Nos anos oitenta, tive um fusca meia meia, de motor invocado, que me deixava na mão, ou melhor, me deixava a pé, quando bem entendia. Os freios eram duvidosos. Às vezes, eu descia a rampa da Antônio Michelon, na época, não asfaltada, em primeira. Por isso, chegar ao destino, inteirinha, era uma vitória. O auge da desdita foi quando, sob uma chuva torrencial, o limpador de para-brisa resolveu empacar. Dirigi da Treze de Maio, perto da Delegacia da Polícia, até minha casa, enxergando enviesado – só pelo lado esquerdo. Com o vidro aberto, logicamente. Era uma chuva grossa que batia em meu rosto como um açoite. Cheguei em casa, ensopada, doída, gelada, com os pés no meio da água.

Aquela foi a gota d’água. Vendemos o meia meia, quase a troco de banana. Mas valera a pena, pois, segundo o mecânico que costumava me socorrer, meu marido corria sério risco de ficar viúvo.

Por que a lembrança do velho fusca trinta e tantos anos depois? Porque, na verdade, qualquer semelhança não é mera coincidência. Assim como o redondinho, eu também, redondinha, atingi uma quilometragem respeitável. E preciso passar uma graxa nas juntas, que estão desgastadas. Às vezes, é difícil frear, tanto no sentido real como no metafórico. E o motor… Já não é um zero quilômetro. A bateria precisa ser recarregada de tempos em tempos, e a lataria anda meio amassada. O sistema de aquecimento… Bom, deixa pra lá!

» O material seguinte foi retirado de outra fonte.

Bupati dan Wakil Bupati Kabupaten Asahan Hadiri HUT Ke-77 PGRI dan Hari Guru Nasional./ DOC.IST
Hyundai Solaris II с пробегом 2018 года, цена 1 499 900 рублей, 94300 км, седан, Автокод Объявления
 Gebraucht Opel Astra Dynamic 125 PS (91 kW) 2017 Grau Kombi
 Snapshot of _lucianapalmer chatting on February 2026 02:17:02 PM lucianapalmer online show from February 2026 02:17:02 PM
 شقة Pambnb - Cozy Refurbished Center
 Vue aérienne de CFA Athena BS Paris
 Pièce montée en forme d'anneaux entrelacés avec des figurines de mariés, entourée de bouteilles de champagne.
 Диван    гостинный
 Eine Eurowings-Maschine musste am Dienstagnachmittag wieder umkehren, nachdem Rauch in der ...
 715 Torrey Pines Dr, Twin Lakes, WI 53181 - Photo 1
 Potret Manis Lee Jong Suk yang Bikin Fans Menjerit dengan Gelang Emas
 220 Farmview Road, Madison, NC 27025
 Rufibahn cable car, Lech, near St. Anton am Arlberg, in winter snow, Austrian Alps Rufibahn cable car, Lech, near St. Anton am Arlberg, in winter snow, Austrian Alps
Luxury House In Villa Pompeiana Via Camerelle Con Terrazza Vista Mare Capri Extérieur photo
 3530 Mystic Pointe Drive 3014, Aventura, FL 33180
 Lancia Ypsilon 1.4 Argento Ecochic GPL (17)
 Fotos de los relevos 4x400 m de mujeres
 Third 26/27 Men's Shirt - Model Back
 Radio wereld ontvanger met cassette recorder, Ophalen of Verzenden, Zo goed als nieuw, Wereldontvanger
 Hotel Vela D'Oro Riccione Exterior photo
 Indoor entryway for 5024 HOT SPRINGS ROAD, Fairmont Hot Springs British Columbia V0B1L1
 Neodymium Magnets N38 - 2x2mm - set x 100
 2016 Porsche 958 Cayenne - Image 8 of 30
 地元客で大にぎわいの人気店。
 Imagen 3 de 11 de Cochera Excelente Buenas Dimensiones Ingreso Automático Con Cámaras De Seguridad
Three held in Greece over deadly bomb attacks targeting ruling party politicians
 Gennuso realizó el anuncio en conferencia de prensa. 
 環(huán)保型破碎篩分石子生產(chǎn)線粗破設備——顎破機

Enfim, nós, de meia meia – do pós 2ª guerra e início dos anos dourados, temos muito em comum. Com folga na direção, andamos um pouco hesitantes, derrapamos nas curvas, coisa e tal, mas somos casca dura. Não quebramos fácil, assim como o fusquinha. Me lembro de uma ocasião em que peguei um dos meninos batendo de marreta na lateral do fusca. A única coisa que aconteceu foi que a verdadeira natureza do veículo se mostrou: bege, por cima; azul marinho, por baixo.
Pois é! O tempo não para. Como diz a velhinha do filme “Bem-Vindos aos 40”, é só a gente fechar os olhos e depois abrir: e aí se está com noventa.

O jeito é não levar as coisas tão a sério, pois não há solução para nossas angústias existenciais. O jeito é ouvir Gonzaguinha e ficar “com a pureza das respostas das crianças”, porque “a vida é bonita e é bonita”. Ou então não fechar os olhos.